-- Task instructions --
Output, verbatim and without pictures, the lines from the first line of the listing through the line containing "8 Piece Cotton".

▼

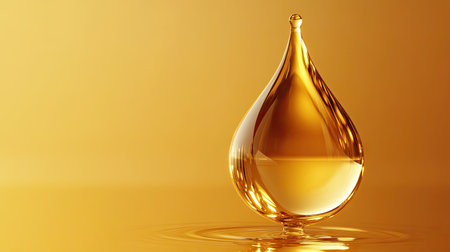 Large golden water drop with perfect spherical form and crystal-clear surface, floating on a soft gradient backgroundの素材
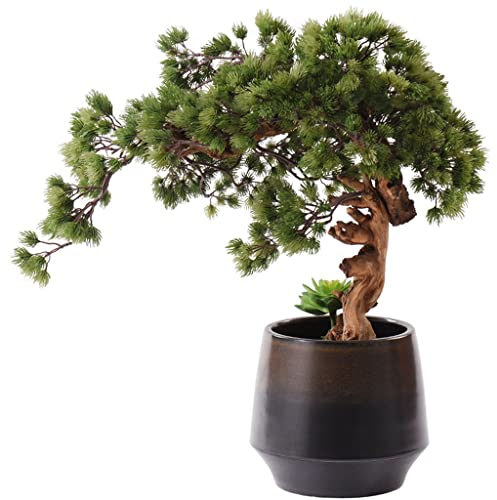 Künstliche Pflanze, Bonsai-Baum, künstliche Pflanzen im Topf, künstliche Topfpflanze für Zuhause, Büro, Schreibtisch, Wohnzimmer, Zen-Gartendekoration, Höhe 57 cm, künstliche Zimmerpflanzen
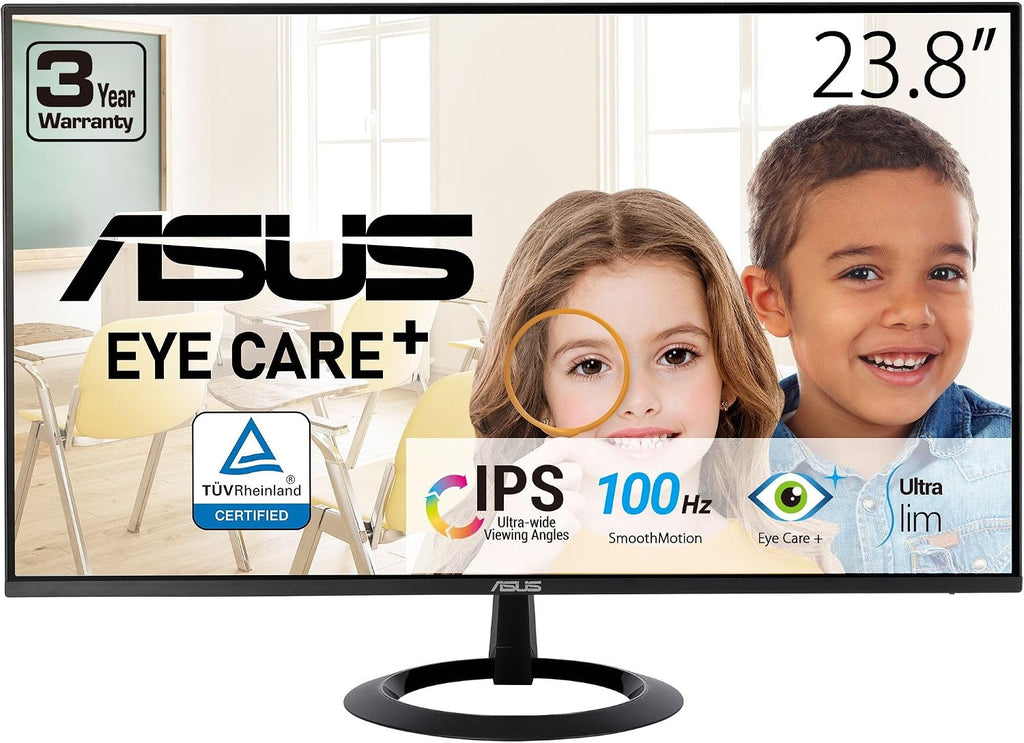 ASUS 24' (23.8-inch viewable) Eye Care Monitor (VZ24EHF) - IPS, Full HD (1920 x 1080), Frameless, 100Hz, Adaptive-Sync, 1ms, HDMI, Low Blue Light, Flicker Free, Ultra-Slim Profile, 3 Year Warranty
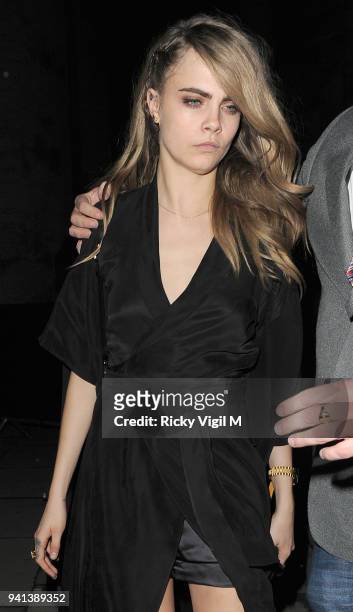 Cara Delevingne departs the ELLE Style Awards 2014 on February 19, 2014 in London, England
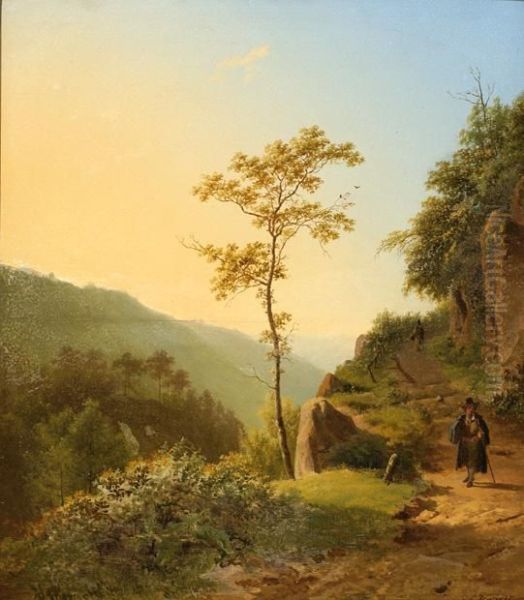 A Traveller On A Mountain Path By Sunset Oil Painting by Barend Cornelis Koekkoek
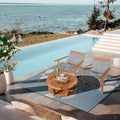 Chic Teak Paris Teak Wood Patio Lounge and Dining Chair, Black and White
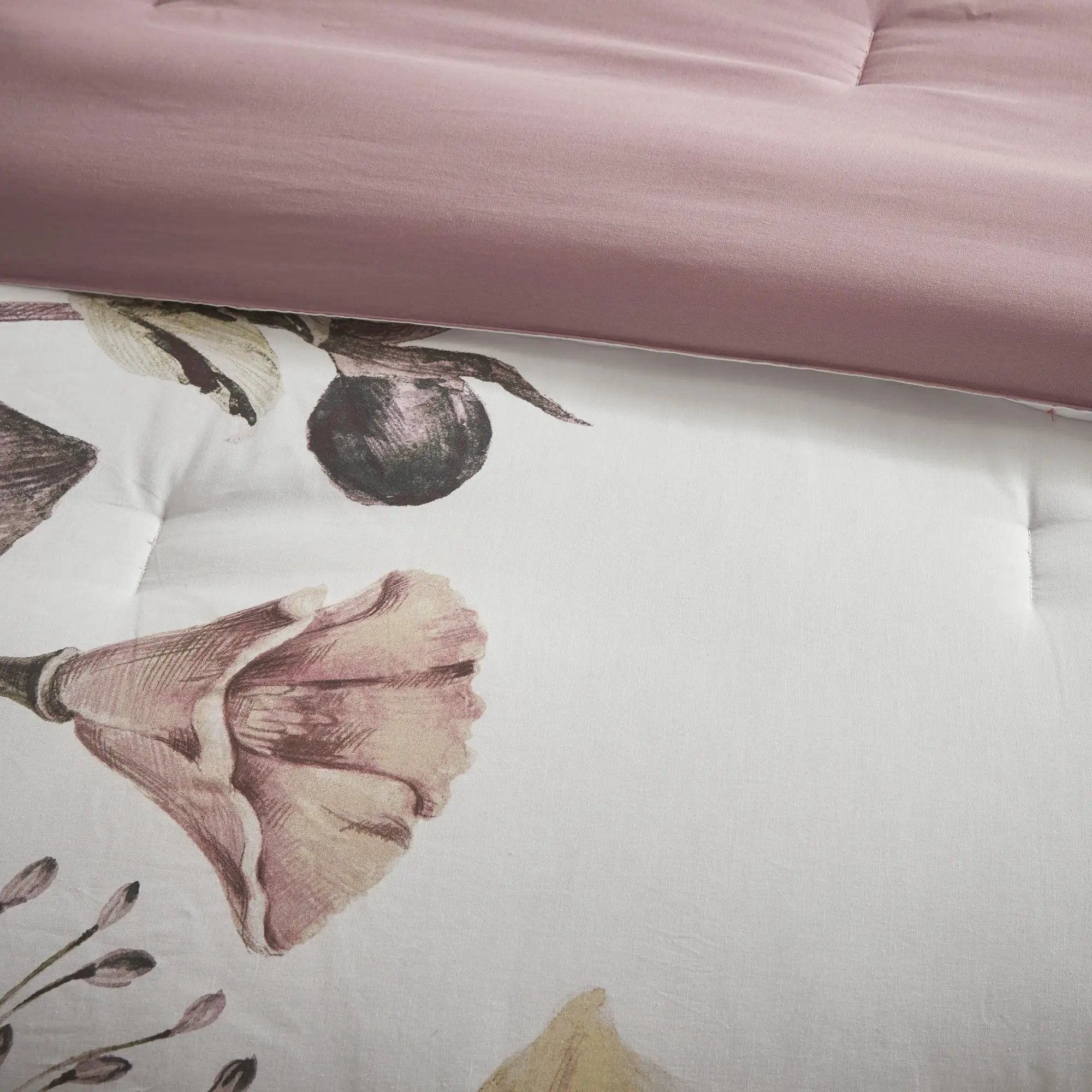 8 Piece Cotton Printed Comforter Set Blush King by HouseOfZazla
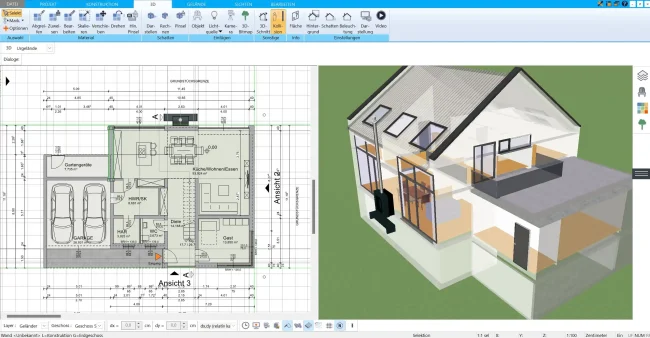 Grundriss eines Kapitänshauses in 2D – präzise erstellt mit HausDesigner3D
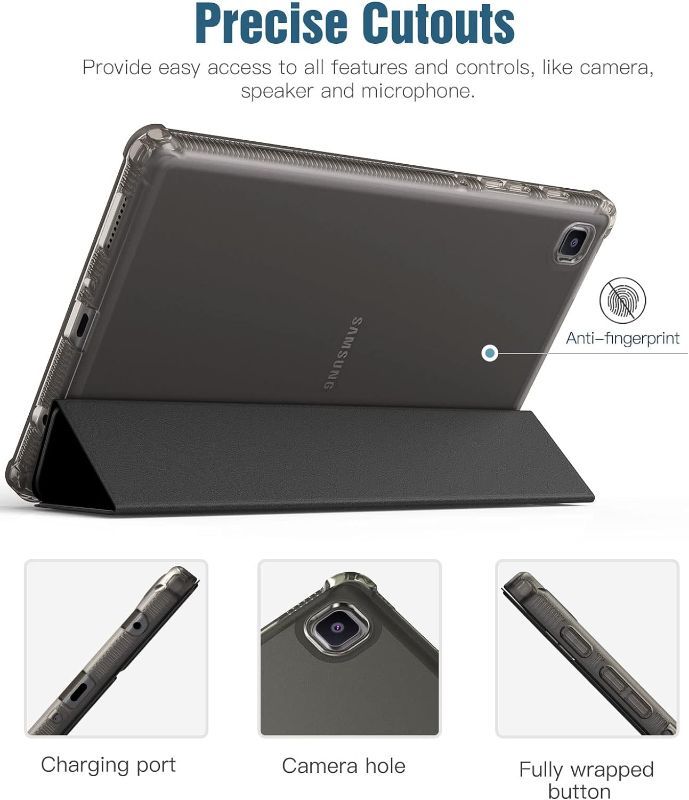 Photo 1 of TiMOVO Case for Samsung Galaxy Tab A7 Lite 8.7 2021 (SM-T220/ T225/T227), Slim Soft TPU Translucent Frosted Back Protective Cover Shell Fit Samsung Galaxy Tab A7 Lite 8.7 inch Tablet 2021, Black
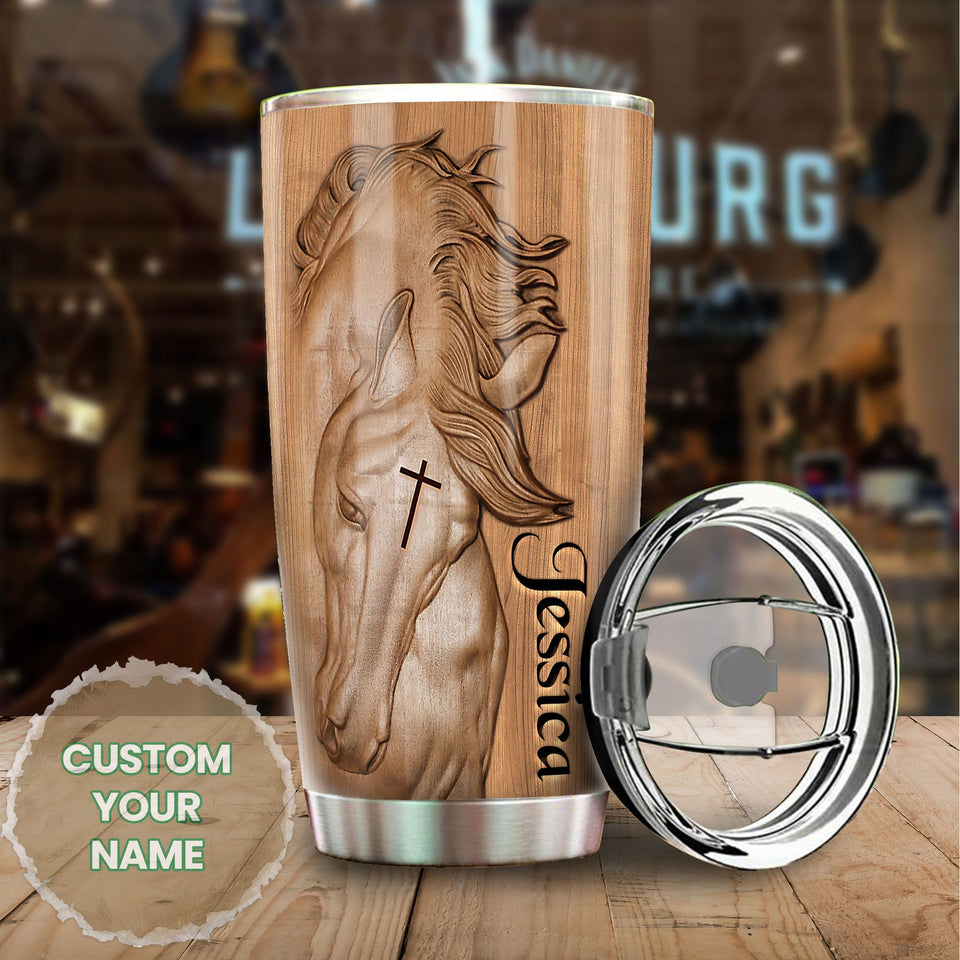 Camellia Personalized Horse Faith Wooden Style Stainless Steel Tumbler - Double-Walled Insulation Vacumm Flask - Gift For Horse Lovers, Cowgirls, Cowboys, Perfect Christmas, Thanksgiving Gift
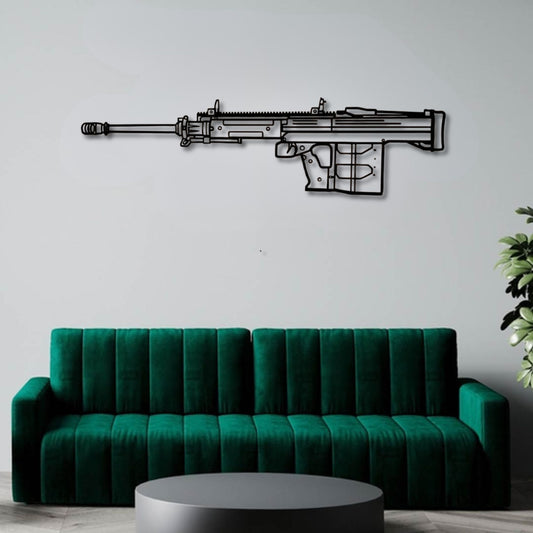 AMR Silhouette BGMI Metal Gun Silhouette Wall Art - PixelGears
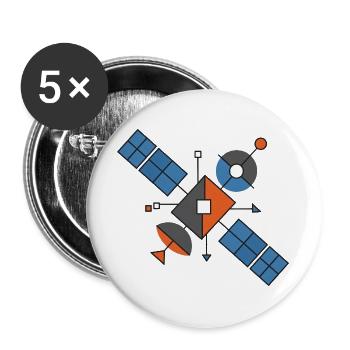 Futuristische Geometrische Satelliten - Buttons groß 56 mm (5er Pack) - Weiß - Vorne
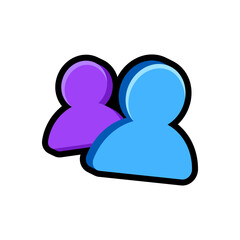 Isolated flat 3d persons icon for game, interface, sticker, app. The sign in a cartoon style for match 3, arcade, rpg. The sprite for craft element in hyper casual mobile game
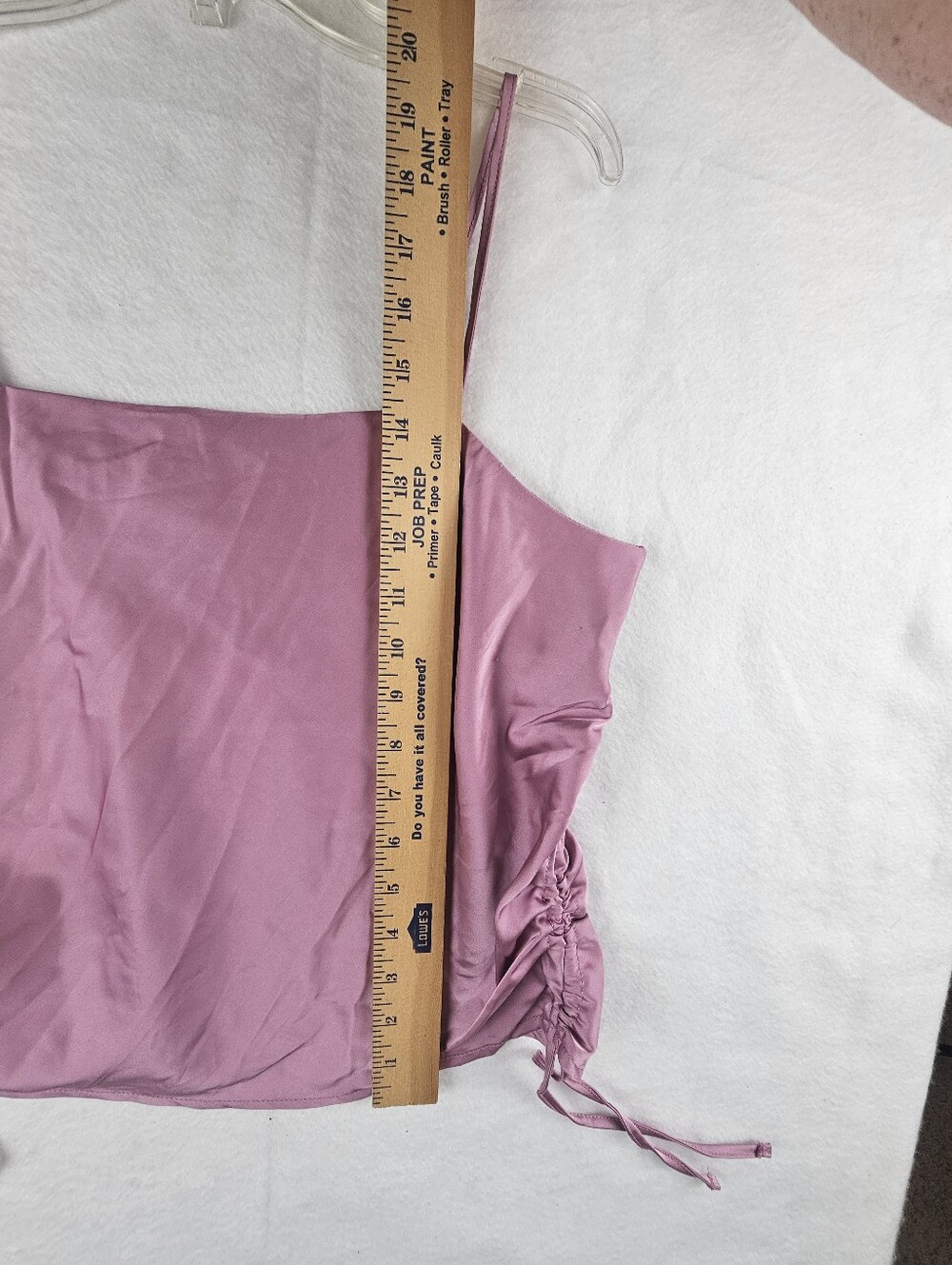 Pink Rose Womens M Ruched Adjustable Tank Top Spaghetti Straps Dusty Mauve NWT - Picture 9 of 11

▲

-- Exercise result --
 Large golden water drop with perfect spherical form and crystal-clear surface, floating on a soft gradient backgroundの素材
 Künstliche Pflanze, Bonsai-Baum, künstliche Pflanzen im Topf, künstliche Topfpflanze für Zuhause, Büro, Schreibtisch, Wohnzimmer, Zen-Gartendekoration, Höhe 57 cm, künstliche Zimmerpflanzen
 ASUS 24' (23.8-inch viewable) Eye Care Monitor (VZ24EHF) - IPS, Full HD (1920 x 1080), Frameless, 100Hz, Adaptive-Sync, 1ms, HDMI, Low Blue Light, Flicker Free, Ultra-Slim Profile, 3 Year Warranty
 Cara Delevingne departs the ELLE Style Awards 2014 on February 19, 2014 in London, England
 A Traveller On A Mountain Path By Sunset Oil Painting by Barend Cornelis Koekkoek
 Chic Teak Paris Teak Wood Patio Lounge and Dining Chair, Black and White
 8 Piece Cotton Printed Comforter Set Blush King by HouseOfZazla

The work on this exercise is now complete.